# My first Bouzouki



## Lab123 (May 27, 2007)

Well its finally finished...I have to lower the action after a short set in period. The intonation is close but i will put it closer on the final setup.... Thanks Graham for the much needed advice...This is the the first of more to come. I really enjoyed building it ....The next one will have an X brace with and a floating bridge....although it will be hard to beat the sound in this one....Really impressive....

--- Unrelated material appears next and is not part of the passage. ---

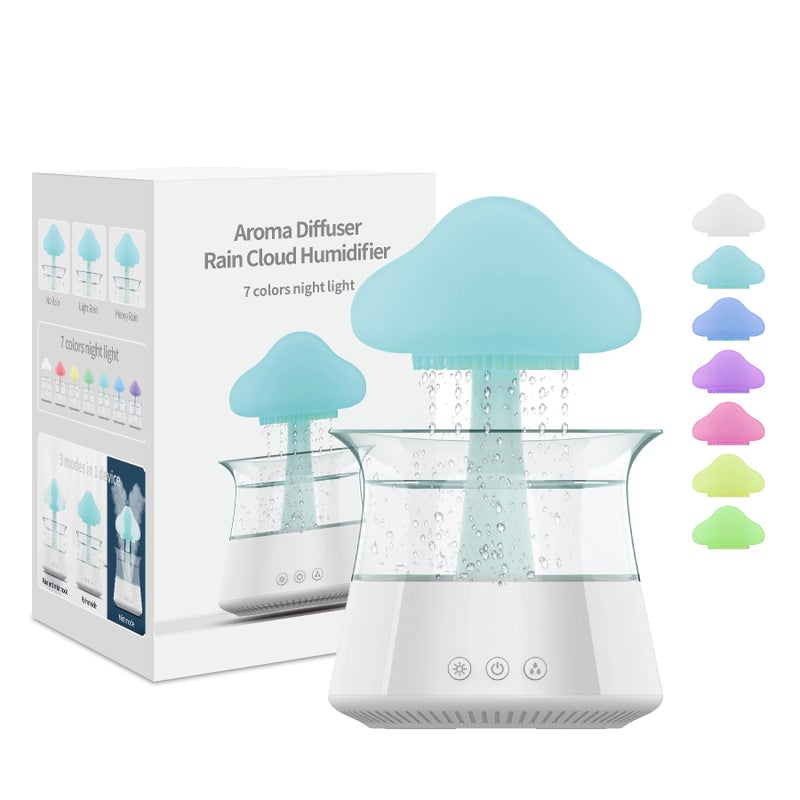 Rican Rain Cloud Humidifier Water Drip - Mushroom Aroma Diffuser, Essential Oil Diffusers, 300ml White Noise Aromatherapy Diffusers with 7 Colors Cloud Lights for Home, Large Room, Office - White - Image 1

http://i202.photobucket.com/albums/aa56/Lab321/Labs Photos/IM000192.jpg


----------



## noobcake (Mar 8, 2006)

I had no idea what a bouzouki was until I saw this thread. Looks nice!


----------



## Lab123 (May 27, 2007)

Thanks...Its actually an Irish Bouzouki..Its a spin off from the Greek Bouzouki.. The Irish started using in the 60's ....It has grown in popularity and has just about become a standard with the Irish Bands....The sound is deep and rich..Very nice instument to play. Same chords used as a mandolin....Lab


----------



## Xanadu (Feb 3, 2006)

If you can get any up, I'd love to hear some sounds clips of it.


----------



## Mooh (Mar 7, 2007)

Looks very nice! Is it electrified yet? 

Zouks are great! Mine's a guitar shaped one, 25" scale, maybe more like 1/3 bouzouki, 1/3 guitar, 1/3 octave mandolin, tuned GDAE, but we still call it a bouzouki. Walnut back and sides, cedar top, ebony board, K&K pickup, purpleheart rosette etc. Josh House at www.houseguitars.com built it. Makes a fine lead instrument for tunes and rhythm instrument to accompany songs and tunes.

Peace, Mooh.


----------



## Lab123 (May 27, 2007)

Hey...Mooh....I have a two piezo transducers glued to the bridge plate. The strap pin hole is not cut yet....This is where I plan on putting the connection. The bouzouki is indeed a very nice sounding instrument...Mine is tuned in GDAE now but I am told that the common tuning is GDAD...I willl experiment after I strip it back down and do all the final setup.....Thanks for the interest....Lab


----------



## Mooh (Mar 7, 2007)

Lab123...I only use GDAE tuning because I'm too lazy to change from mandolin and Irish tenor banjo intervals and relearn things I want to play on all of them.

Peace, Mooh.


----------